The lemma is easy to prove for grammars in the
Chomsky normal form.


#NEW

==Recognition and parsing for Chomsky normal form==

Recognition: just check if a string is grammatical in G.
```
  seqs(C,1)   = {t | (C ::= t) : G}
  seqs(C,n+1) = {x y | 
    (C ::= A B) : G,
    k : {1,...,n}, 
    x : seqs(A,k), y : seqs(B,n+1-k)}
```
Parsing: construct all possible parse trees in G.
```
  trees(C,1)   = {(t,f) | (f. C ::= t) : G}
  trees(C,n+1) = {(x y, f v w) | 
    (f. C ::= A B) : G,
    k : {1,...,n}, 
    (x,v) : trees(A,k), (y,w) : trees(B,n+1-k)}
```
This is easy to implement, but not very efficient.


#NEW

==Better algorithms for context-free grammars==

CYK: for Chomsky normal form

Earley algorithm, chart parsing: for arbitrary grammars

GLR (Generalized LR): for arbitrary grammars

The worst-case complexity for these algorithms is cubic in the lenth of the input
(recall: LALR(1) is linear!)


#NEW

==The theoretical limits==

Parsing with context-free grammars is decidable; the worst-case
time complexity is cubic.

Programming language implementations strive for linear-time
parsing - this is possible for a limited class of grammars.
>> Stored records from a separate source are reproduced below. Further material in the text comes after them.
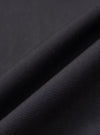 A close-up fabric swatch of the black broadcloth used for the Black Broadcloth Ewan Shirt. The image highlights the smooth, fine weave and deep black color of the material.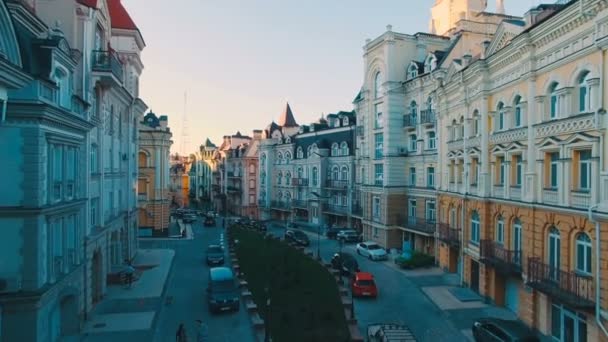 Câmera Drone se move no nível dos telhados dos edifícios nas ruas europeias estreitas velhas com casas coloridas e pedestres ao pôr do sol, filmado em 4K UHD — Vídeo de Stock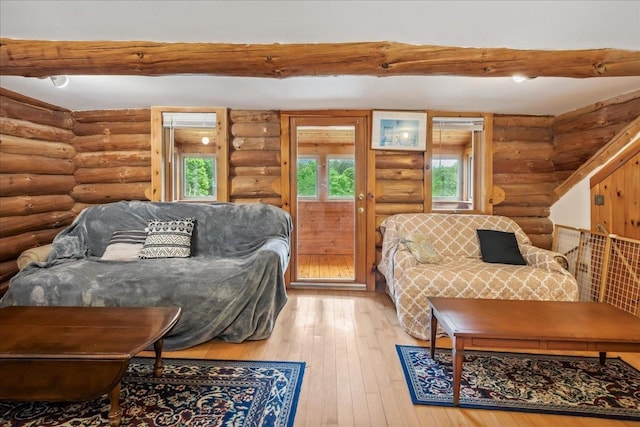 458 Woodcock Rd, Plainfield, VT 05667 - living area with log walls and hardwood / wood-style floors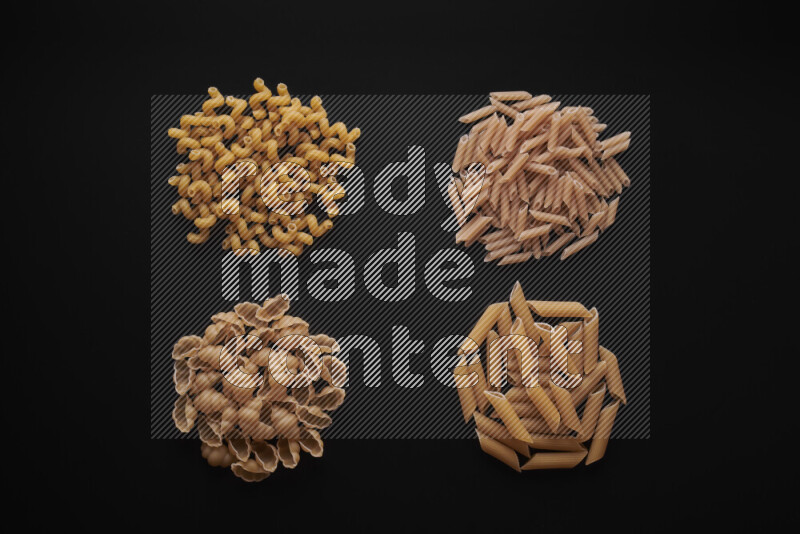 Different pasta types in bunches on black background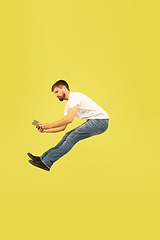 Image showing Full length portrait of happy jumping man on yellow background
A simple language that is not context-free: the **copy language**
```
  {x x | x : ('a' | 'b')*}
```
(proof omitted). Observe: this is not the same as
```
  S ::= S S | "a" S | "b" S |  
```
An instance of this: check that a variable is declared before
it is used.


#NEW

==The copy language in GF==

It is easy to define the copy language if constructors and linearization
functions are separated (cf. Lecture 2). This is how it is written in
[GF http://grammaticalframework.org]:
```
  -- abstract syntax
  cat S ; W ;
  fun s : W -> S ;
  fun e : W ;
  fun a : W -> W ;
  fun b : W -> W ;

  lin s w = w ++ w ;
  lin e   = "" ;
  lin a w = "a" ++ w ;
  lin b w = "b" ++ w ;
```
For instance, ``abbababbab`` has the tree ``s (a (b (b (a (b e)))))``.

GF corresponds to a class of grammars known as
**parallel multiple context-free grammars**, which is useful in
natural language description. Its parsing complexity is polynomial.